14 Terrifying Things About Your Baby That Are Totally Normal
If you were to ask my husband on the day my daughter was born, he would have told you that she wasn't the adorable baby I saw. To him, she was an eight-pound bundle of medical emergencies. From the look of her, he swore she had two different forms of skin cancer, and if we ever gazed at her for too long, he'd find something devastating to point out: "Why are her legs curved like that?" "Her eyes — they're crossed again!"
Thankfully, all of those horrific things he discovered about our baby turned out to be, well, normal baby stuff . . . as weird as some of it is.
To calm your nerves, here are most of the strange but perfectly safe physical attributes of your newborn baby.
Imagine you were squished in someone's uterus for nine months — you might look a little bow-legged too. Curved legs are entirely normal for most babies, and they'll straighten over time, particularly once they've been walking for a good nine months.
It's not quite baby acne, but it's noticeable to any parent who goes in for a kiss of those adorable baby cheeks. Those tiny white or yellow pearly bumps are called milia, and they are most often found on the nose, chin, and cheeks. There's nothing you need to do if you spot it — it'll go away on its own in just a few weeks.
That's right: the same thing that you got in your teens also afflicts newborns. It can be present at birth, but if it's not, don't be surprised if red pimples surrounded by reddish skin pop up after a couple of weeks. There's little you should do, but certainly make sure that your baby isn't sweaty, and clean spit-up or drool when you see it. Just wash — don't scrub — your baby's face at bathtime with a mild soap, and steer clear of oily lotions or acne medications.

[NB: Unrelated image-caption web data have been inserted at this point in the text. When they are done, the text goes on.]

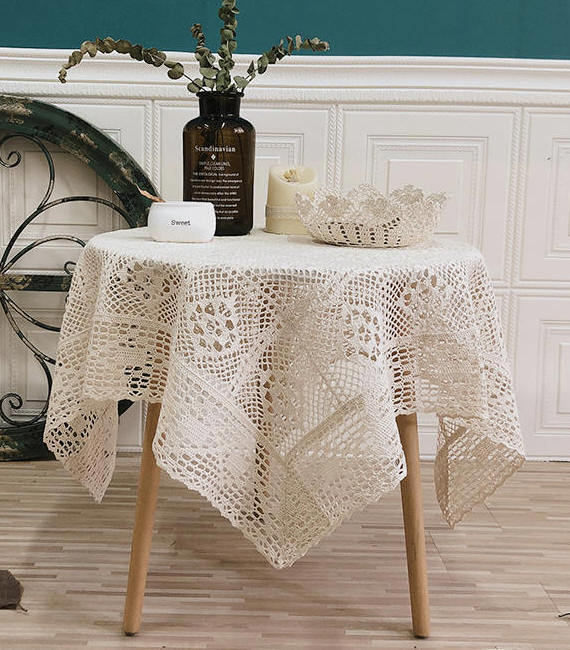 楽天市場】レース編み ホワイト テーブルクロス85X85cm テーブル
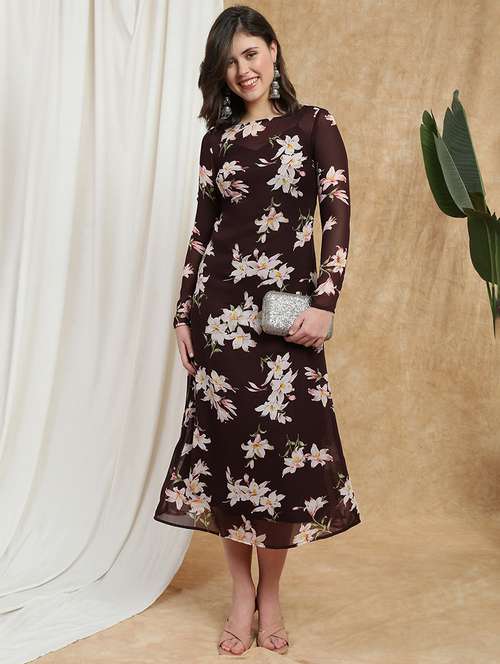 globus women mauve boat neck long sleeves floral print semi sheer midi a-line party dress - 22174025 -  Standard Image - 0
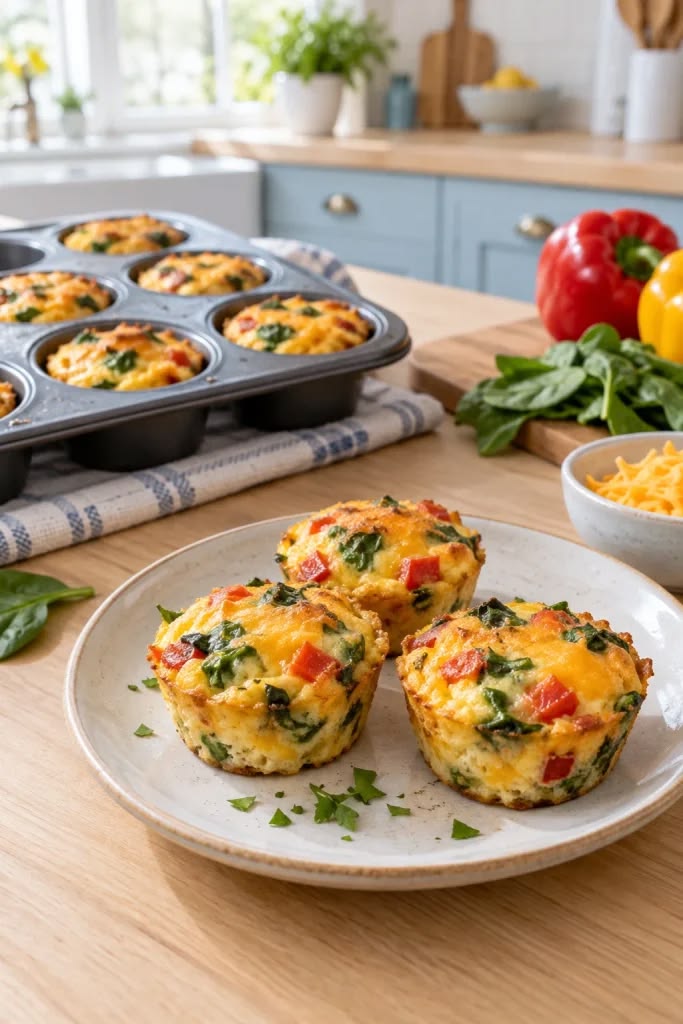 baked-egg-muffins-with-spinach-red-bell-peppers-and-cheese-served-on-a-plate-next-to-a-muffin-pan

Whether your baby's got a full head of hair or is completely bald, there's a good chance she (yes, it's possible in both boys and girls!) has some body hair. It can be found on the shoulders, down the arms, along the back, and even cropping up on the ears. Affectionately known as peach fuzz, the medical term for it is lanugo, and it's there to regulate the baby's body temperature in the womb. Whatever you do, don't break out a razor: it'll shed soon enough.
You’ve barely had this baby five minutes, and already there’s cuts, scrapes, and scratches all over her precious little face. Babies’ nails can grow pretty long in the womb, and because they haven’t quite gotten control of those arms, hands, and fingers, they likely involuntarily nicked themselves before even making their debut. Just grab the baby nail clippers and give your newborn her very first manicure.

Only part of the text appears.